Concerning "norms" or "standards" for web accessibility in public sector organisations, the NDA has recently published Draft Guidelines on Improving Accessibility of Public Services to People with Disabilities" (18 August 2004).
This is just a discussion document so far. It is concerned with setting out standards specifically for public bodies in relation to all aspects of how they deal with people with disabilities. In relation to web accessibility, they currently simply say that web sites should be subject to "independent audit" of accessibility (based on WCAG-AA). They do not prescribe any specific methodology for this. They do envisage that, when these overall guidelines are finalised, this could lead to a national accessibility "mark" or "award", presumably administered/certified by the NDA; but note that this would be for overall accessibility (e.g., including physical accessibility etc.) not just web accessibility. There is clearly scope for complementary working between Support-EAM and this general initiative.

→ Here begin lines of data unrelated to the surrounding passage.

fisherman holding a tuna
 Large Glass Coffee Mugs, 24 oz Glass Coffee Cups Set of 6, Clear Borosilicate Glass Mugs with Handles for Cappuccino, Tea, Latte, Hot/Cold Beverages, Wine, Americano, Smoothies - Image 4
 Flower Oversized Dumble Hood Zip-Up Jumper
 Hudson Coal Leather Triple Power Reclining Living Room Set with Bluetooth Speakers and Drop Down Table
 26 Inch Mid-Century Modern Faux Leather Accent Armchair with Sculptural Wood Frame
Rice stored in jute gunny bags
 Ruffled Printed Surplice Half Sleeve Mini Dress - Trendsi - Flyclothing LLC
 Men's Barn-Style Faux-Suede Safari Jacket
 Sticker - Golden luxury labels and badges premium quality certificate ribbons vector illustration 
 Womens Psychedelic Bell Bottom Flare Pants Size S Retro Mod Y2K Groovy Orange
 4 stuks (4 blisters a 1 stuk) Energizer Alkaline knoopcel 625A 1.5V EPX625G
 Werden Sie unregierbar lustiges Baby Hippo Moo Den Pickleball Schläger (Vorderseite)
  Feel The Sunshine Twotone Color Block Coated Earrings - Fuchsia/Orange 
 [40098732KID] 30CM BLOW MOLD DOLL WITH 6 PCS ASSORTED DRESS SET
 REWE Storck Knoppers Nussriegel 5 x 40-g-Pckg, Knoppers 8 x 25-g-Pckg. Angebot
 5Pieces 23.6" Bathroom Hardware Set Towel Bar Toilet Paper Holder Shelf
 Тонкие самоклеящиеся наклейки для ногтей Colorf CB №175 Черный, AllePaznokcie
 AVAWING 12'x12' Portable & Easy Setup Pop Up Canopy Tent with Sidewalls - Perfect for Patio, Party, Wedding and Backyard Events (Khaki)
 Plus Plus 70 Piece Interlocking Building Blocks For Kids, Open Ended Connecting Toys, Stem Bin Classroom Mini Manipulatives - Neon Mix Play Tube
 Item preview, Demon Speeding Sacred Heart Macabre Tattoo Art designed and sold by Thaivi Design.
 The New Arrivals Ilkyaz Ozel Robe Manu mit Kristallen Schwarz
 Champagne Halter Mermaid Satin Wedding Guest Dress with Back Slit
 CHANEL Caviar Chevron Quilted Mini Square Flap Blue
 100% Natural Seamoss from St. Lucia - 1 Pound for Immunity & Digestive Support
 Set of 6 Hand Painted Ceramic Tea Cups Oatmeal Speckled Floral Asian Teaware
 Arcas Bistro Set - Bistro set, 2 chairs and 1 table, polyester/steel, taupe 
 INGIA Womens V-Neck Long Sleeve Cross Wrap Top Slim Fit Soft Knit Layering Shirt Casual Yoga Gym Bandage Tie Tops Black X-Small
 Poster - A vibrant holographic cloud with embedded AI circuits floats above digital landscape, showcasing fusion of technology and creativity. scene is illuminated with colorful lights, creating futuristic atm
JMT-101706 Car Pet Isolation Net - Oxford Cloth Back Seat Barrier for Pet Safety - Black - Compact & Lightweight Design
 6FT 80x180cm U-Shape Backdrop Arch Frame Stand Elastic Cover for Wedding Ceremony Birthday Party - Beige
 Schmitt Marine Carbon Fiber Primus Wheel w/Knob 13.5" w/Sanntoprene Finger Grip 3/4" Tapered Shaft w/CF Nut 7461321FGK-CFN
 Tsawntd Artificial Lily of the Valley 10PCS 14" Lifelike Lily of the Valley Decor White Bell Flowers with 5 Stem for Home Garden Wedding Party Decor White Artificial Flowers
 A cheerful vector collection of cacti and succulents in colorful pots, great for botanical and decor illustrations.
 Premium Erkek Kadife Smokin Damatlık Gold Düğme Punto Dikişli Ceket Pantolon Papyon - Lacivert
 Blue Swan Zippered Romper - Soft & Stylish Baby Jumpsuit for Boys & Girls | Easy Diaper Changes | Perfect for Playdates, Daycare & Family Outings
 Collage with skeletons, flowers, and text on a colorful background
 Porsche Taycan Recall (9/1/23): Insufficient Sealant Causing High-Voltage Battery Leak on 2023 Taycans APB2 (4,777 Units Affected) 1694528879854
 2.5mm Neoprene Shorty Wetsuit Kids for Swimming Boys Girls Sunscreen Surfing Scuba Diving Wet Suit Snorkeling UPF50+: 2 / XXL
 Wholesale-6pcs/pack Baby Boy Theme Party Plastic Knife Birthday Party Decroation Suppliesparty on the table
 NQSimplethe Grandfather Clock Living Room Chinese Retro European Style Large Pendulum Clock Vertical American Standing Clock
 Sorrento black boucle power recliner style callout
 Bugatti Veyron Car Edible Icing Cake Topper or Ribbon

[Note 1] : An official version of the Disability Bill 2004 is available from the Department of Justice, Equality and Law Reform; but with typically unconscious irony, it is currently available in purely presentational PDF and RTF formats only. I should note my understanding that both that Department, and the Office of the Attorney General (responsible for technical draughting and publishing of legislation) are aware of this anomaly. In any case, XML Workshop Limited have kindly made available an unofficial, but fully accessible version.